### About this task
What you return must be every line below that includes the word "pièces".

Dataset entries:
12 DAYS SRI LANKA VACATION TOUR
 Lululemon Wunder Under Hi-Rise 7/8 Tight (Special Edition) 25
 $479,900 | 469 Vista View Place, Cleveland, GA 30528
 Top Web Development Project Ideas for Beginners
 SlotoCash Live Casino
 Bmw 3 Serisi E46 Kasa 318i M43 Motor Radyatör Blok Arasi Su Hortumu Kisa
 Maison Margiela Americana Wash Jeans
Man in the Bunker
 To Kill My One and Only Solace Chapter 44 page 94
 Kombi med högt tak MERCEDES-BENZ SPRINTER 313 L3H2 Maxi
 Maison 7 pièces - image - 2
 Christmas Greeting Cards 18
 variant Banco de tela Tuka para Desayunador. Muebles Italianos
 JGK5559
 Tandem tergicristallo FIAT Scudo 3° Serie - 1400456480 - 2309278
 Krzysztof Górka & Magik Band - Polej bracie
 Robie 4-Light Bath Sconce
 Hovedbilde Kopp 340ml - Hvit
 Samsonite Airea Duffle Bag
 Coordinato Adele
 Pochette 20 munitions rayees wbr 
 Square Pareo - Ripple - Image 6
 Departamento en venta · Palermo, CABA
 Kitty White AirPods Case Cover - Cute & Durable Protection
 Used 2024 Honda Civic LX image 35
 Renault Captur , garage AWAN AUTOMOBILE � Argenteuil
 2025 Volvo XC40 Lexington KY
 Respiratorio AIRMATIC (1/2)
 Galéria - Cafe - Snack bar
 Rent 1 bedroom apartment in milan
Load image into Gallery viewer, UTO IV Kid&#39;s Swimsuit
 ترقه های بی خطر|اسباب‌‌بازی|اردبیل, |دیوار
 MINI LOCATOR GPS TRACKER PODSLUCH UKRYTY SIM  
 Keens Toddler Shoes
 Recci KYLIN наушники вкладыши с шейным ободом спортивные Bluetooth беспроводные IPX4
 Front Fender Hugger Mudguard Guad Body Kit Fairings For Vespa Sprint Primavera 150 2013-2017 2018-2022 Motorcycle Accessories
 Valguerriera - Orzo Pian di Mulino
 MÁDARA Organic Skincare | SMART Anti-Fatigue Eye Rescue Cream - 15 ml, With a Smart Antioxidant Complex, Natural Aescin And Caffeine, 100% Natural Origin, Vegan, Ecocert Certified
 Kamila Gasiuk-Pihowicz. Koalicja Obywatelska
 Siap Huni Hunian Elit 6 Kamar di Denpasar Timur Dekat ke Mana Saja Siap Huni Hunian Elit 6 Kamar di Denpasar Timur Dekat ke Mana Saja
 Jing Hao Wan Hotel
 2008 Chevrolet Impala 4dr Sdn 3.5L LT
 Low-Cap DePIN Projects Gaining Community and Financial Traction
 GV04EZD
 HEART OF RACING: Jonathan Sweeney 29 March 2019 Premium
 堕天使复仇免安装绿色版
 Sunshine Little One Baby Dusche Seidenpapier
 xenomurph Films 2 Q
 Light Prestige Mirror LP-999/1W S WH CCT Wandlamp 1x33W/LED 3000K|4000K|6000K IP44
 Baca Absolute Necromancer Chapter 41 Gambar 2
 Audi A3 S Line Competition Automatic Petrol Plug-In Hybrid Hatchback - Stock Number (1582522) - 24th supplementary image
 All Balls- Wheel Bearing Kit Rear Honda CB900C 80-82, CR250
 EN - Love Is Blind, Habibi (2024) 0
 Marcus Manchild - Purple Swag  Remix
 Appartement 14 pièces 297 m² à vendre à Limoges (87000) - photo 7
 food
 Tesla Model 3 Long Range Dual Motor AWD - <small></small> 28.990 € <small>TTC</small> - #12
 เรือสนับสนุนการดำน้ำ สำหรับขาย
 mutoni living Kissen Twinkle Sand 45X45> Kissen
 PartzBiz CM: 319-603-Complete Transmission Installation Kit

### Response for this exercise
 Maison 7 pièces - image - 2
 Appartement 14 pièces 297 m² à vendre à Limoges (87000) - photo 7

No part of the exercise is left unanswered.